▶ **Task to complete**
All lines from the one with "Load image into" through the end of the records below are to be given again exactly, and nothing else.

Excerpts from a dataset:
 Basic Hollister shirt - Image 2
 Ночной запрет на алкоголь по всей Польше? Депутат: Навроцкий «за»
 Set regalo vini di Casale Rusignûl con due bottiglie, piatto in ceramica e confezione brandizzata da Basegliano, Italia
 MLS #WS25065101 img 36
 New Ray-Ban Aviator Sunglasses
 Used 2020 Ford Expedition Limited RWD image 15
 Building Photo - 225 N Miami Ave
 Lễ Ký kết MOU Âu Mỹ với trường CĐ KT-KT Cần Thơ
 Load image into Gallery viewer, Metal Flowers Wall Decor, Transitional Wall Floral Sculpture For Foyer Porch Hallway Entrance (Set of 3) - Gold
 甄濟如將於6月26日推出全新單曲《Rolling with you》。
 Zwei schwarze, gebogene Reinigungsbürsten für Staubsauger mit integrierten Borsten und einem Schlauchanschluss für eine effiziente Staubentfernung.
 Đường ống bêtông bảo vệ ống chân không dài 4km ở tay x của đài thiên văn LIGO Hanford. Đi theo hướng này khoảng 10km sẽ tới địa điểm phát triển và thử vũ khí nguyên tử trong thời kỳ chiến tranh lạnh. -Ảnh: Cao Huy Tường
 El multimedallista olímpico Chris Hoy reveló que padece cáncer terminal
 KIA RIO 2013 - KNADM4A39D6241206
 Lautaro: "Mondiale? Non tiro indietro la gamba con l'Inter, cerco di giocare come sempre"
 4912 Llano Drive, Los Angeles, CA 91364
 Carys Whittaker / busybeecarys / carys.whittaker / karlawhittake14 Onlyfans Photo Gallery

▶ **Answer section**
 Load image into Gallery viewer, Metal Flowers Wall Decor, Transitional Wall Floral Sculpture For Foyer Porch Hallway Entrance (Set of 3) - Gold
 甄濟如將於6月26日推出全新單曲《Rolling with you》。
 Zwei schwarze, gebogene Reinigungsbürsten für Staubsauger mit integrierten Borsten und einem Schlauchanschluss für eine effiziente Staubentfernung.
 Đường ống bêtông bảo vệ ống chân không dài 4km ở tay x của đài thiên văn LIGO Hanford. Đi theo hướng này khoảng 10km sẽ tới địa điểm phát triển và thử vũ khí nguyên tử trong thời kỳ chiến tranh lạnh. -Ảnh: Cao Huy Tường
 El multimedallista olímpico Chris Hoy reveló que padece cáncer terminal
 KIA RIO 2013 - KNADM4A39D6241206
 Lautaro: "Mondiale? Non tiro indietro la gamba con l'Inter, cerco di giocare come sempre"
 4912 Llano Drive, Los Angeles, CA 91364
 Carys Whittaker / busybeecarys / carys.whittaker / karlawhittake14 Onlyfans Photo Gallery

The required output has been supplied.